In a dynamic market scenario, refiners are looking to optimize their core operations and most say that digital technologies will be the key enabler to capture value. While refiners have been leveraging and utilizing digital technologies for years, the scope and potential for digital technologies across the downstream value chain is evolving. The question is now quickly changing from “can refiners afford to” to “can they afford not to?”.

Although the potential opportunities for digital are well known within the refining space, most companies continue to struggle with implementing initiatives at scale and therefore achieving the expected value from their investments. We are seeing digital maturity compressing with a drop of almost 3% in the refiners categorizing themselves as mature to semi mature.

Scope of digital technology evolving

Digital, defined here to encompass all digital technologies, is not new in refining.

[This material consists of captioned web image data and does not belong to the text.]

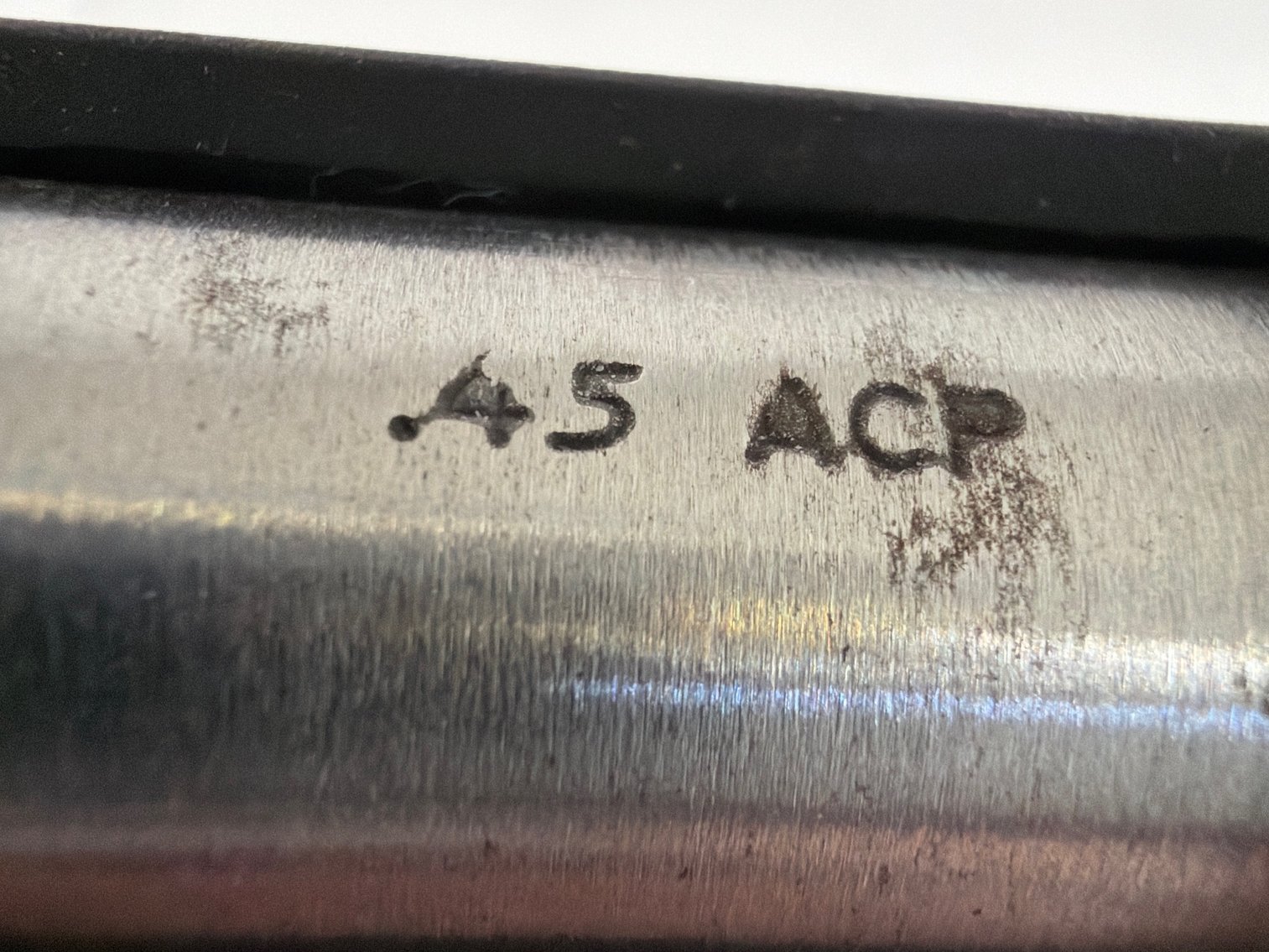 Image for Kimber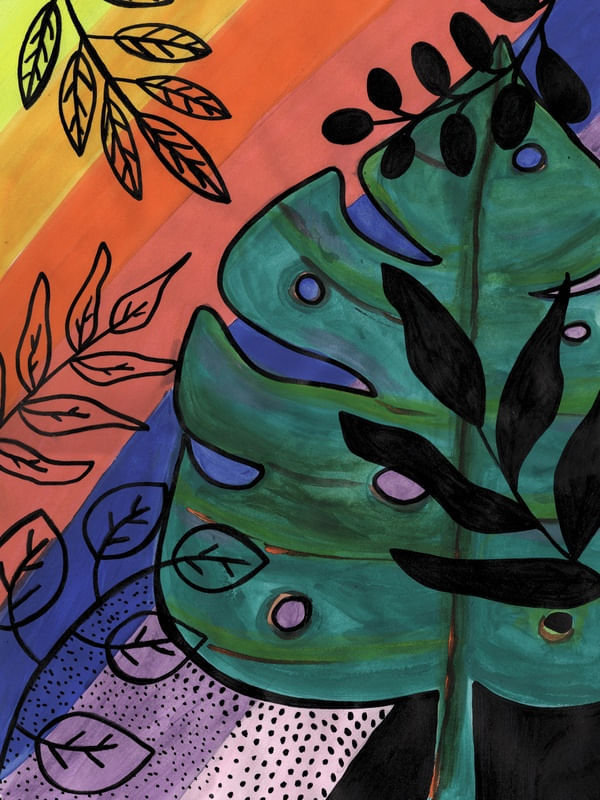 JARDIM Nº3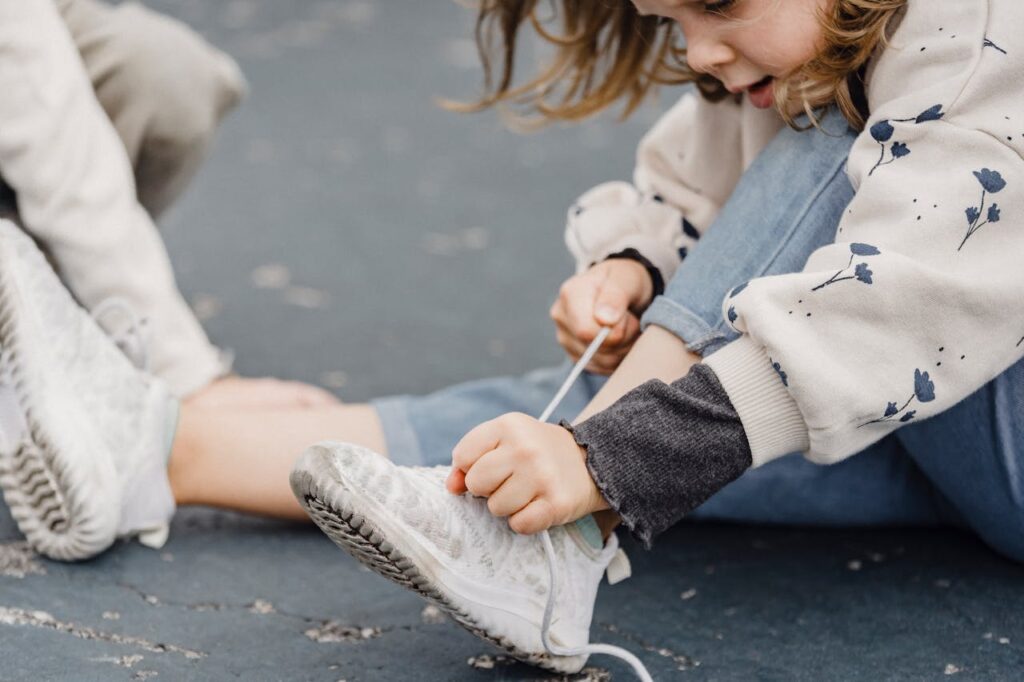 10 Things Every Mom Should Teach Their Kids About Failure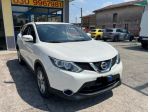 NISSAN Qashqai 2ª serie Qashqai 1.2 DIG-T Acenta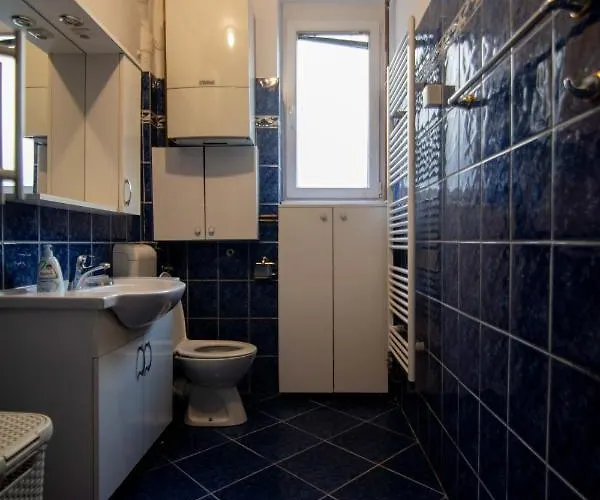 Beautiful Centre Apartment! *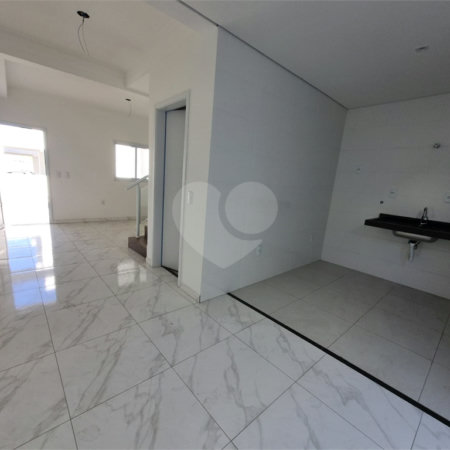 Casa à venda com 2 suítes no condomínio Residencial Américo Figueiredo, Sorocaba - SP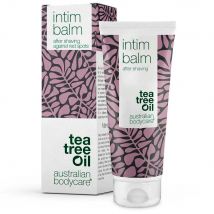 Australian Bodycare After Shave Gel 100 ml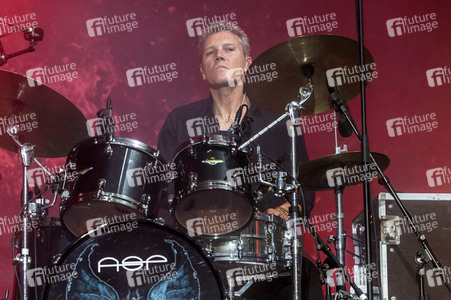 M'era Luna Festival 2022 in Hildesheim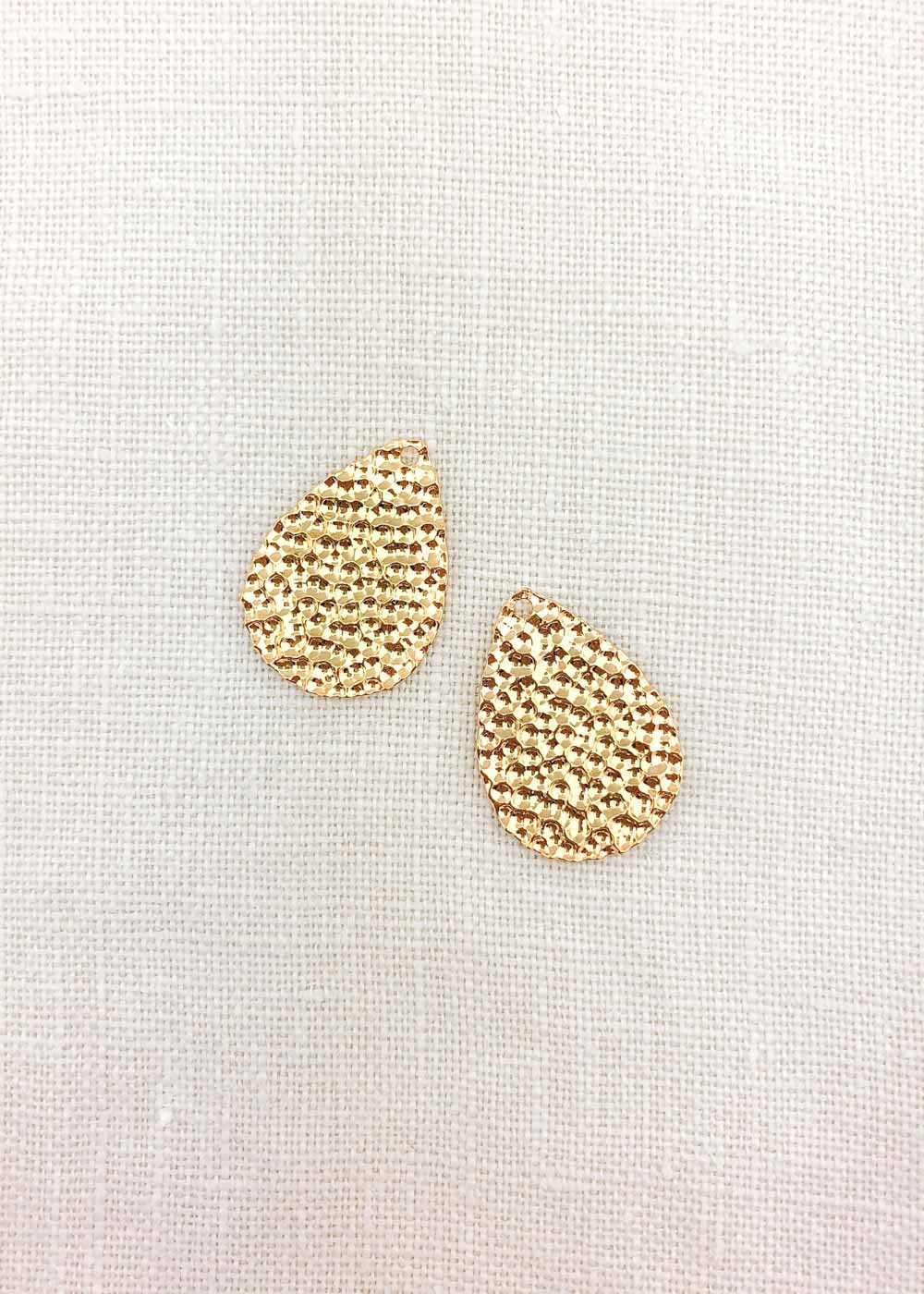 Ferox Earring Charms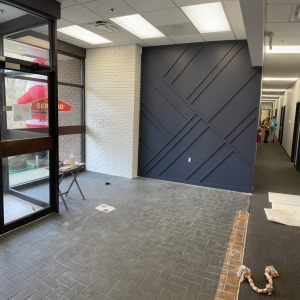 Photo of VLB Construction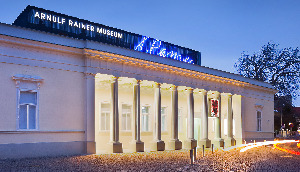 Baden Austria Museum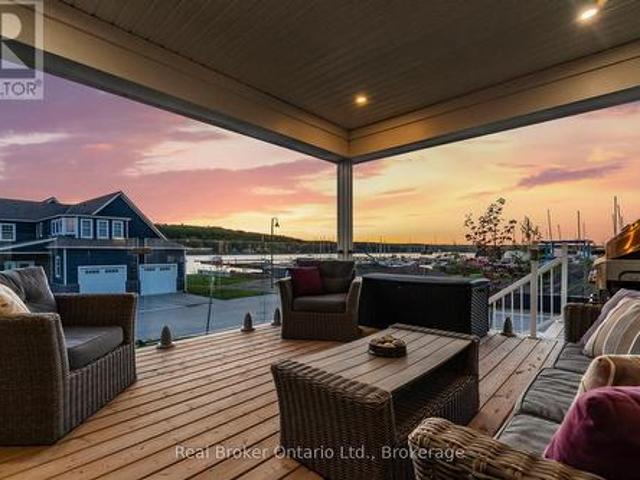 House for sale in Penetanguishene, Ontario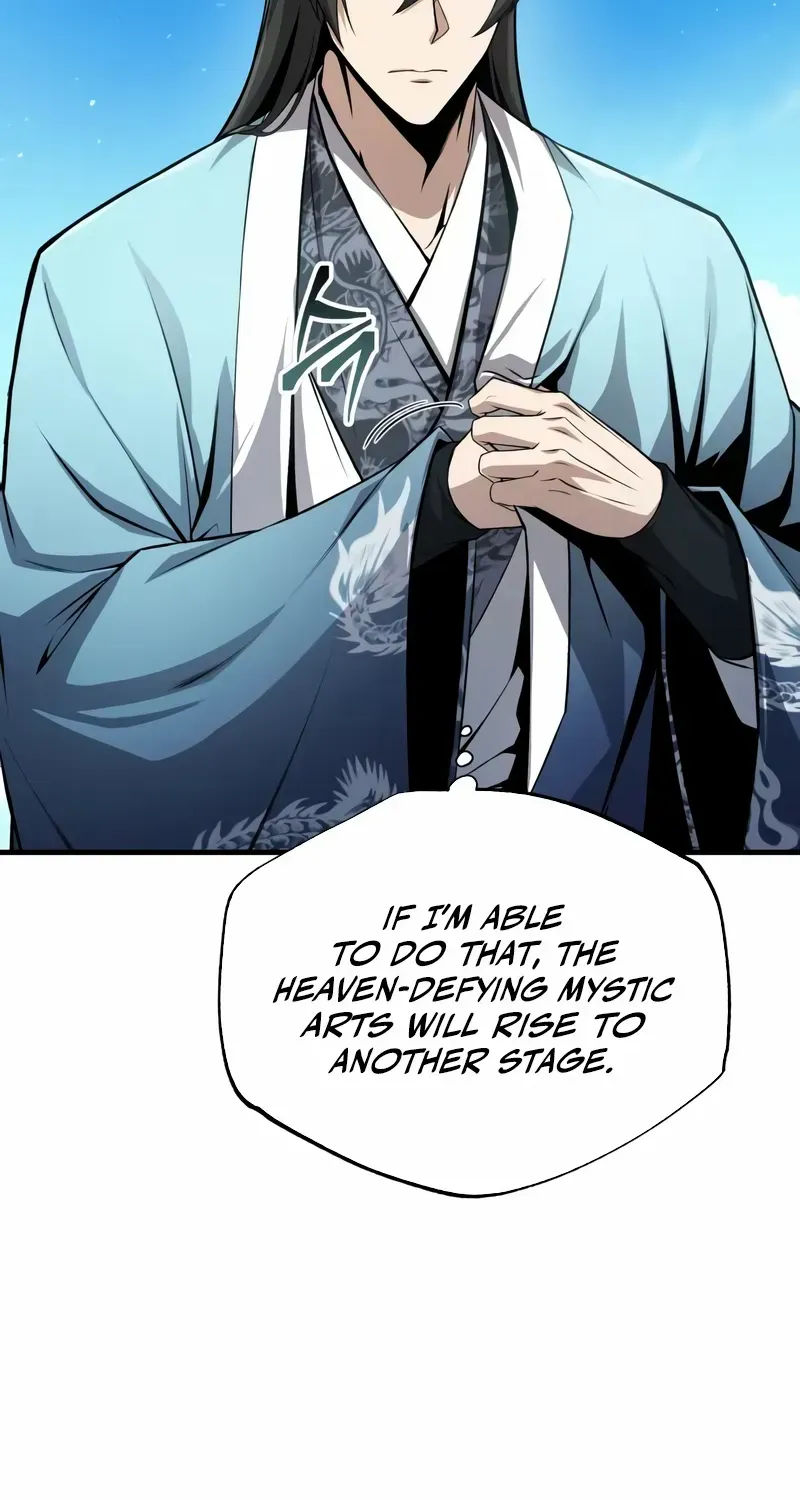 Read Star Instructor, Master Baek chapter 121 image 9 on Lezhin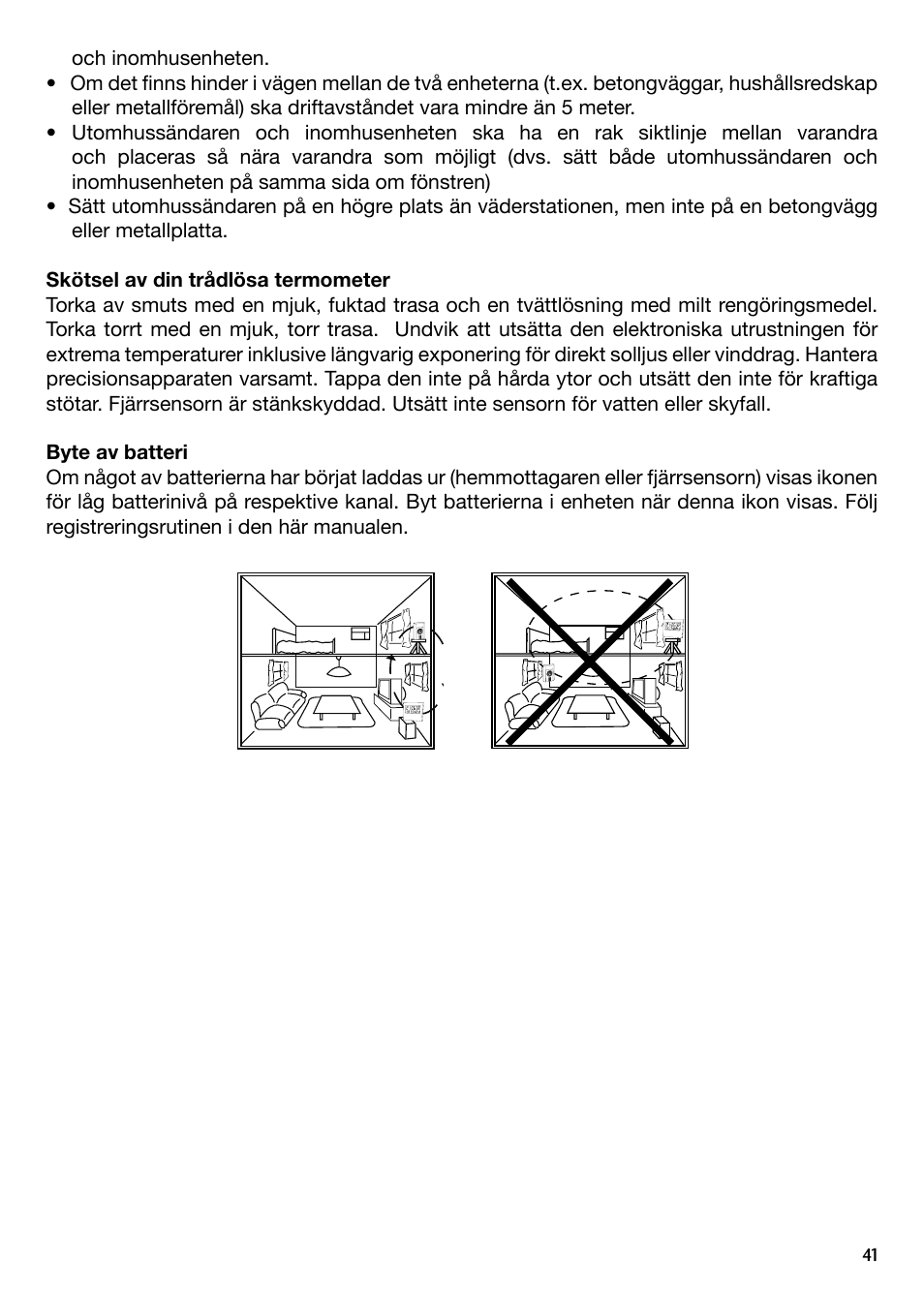 National Geographic IN103TOP User Manual | Page 41 / 58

Many refiners claim high digital maturity as forms of artificial intelligence (AI) and automation have long been a bedrock of improvement in the areas of process controls and automation. However, as refiners increase their play in digital, we have seen four key investments categories:

  • Further Advancing Process Controls: Most refiners are enhancing their existing digital technologies of process automation with big data and advanced analytics which has helped them shift from reactive solutions to proactive and predictive capabilities. Integrating analytics, ERP/next-generation platforms and IOT has enabled harnessing of physical data, visualization and alerting capabilities and building of accurate predictive models leading to increased reliability, better yield and savings on maintenance. In a recent Accenture survey of refiners, advanced data analytics is cited as the number one focus for margin improvement from digital with 62% of refiners stating this was driving the greatest improvement in 2019. Further, tools allowing collection of data in the field that have been in place for years are now demonstrating efficiency gains and added functionality. Further, with increasing AI / ML (machine learning) capabilities, we expect an increase in investments focused on enhancing real-time operational visibility, controlling variability, and improving yields and quality.
  • Adjacent Tech: As digital technologies have improved in pricing and accessibility, many have been evaluating and expanding the use of digital leveraging data availability and analytics. With a focus on driving improved reliability and efficiency, some areas that have seen increasing maturity are predictive maintenance through enhanced asset analytics, increased plant automation and concepts like contractor tracking and enhanced mobile applications, which allow for increased time on tools across the workforce. As most look to expand the digital scope, the survey mentioned above reveals that 43% of the refiners aim to invest in greater plant automation while 26% are focused on worker mobility and tracking.
  • Frontier areas: The next wave of technologies like quantum computing and augmented reality are rapidly taking shape with the potential to offer even more value for downstream companies who are poised to exploit them.
  • Value chain integrators: An emerging focus has been the refinery’s role in the broader downstream value chain, with many players thinking more about the end to end process and how digital can help optimize the whole enterprise in addition to the previously mentioned advances inside the gates. Based on our experience, we believe that done right, a truly optimized end-to-end value chain can achieve 10 - 15% improvement in margins for downstream companies, but it is not an easy process.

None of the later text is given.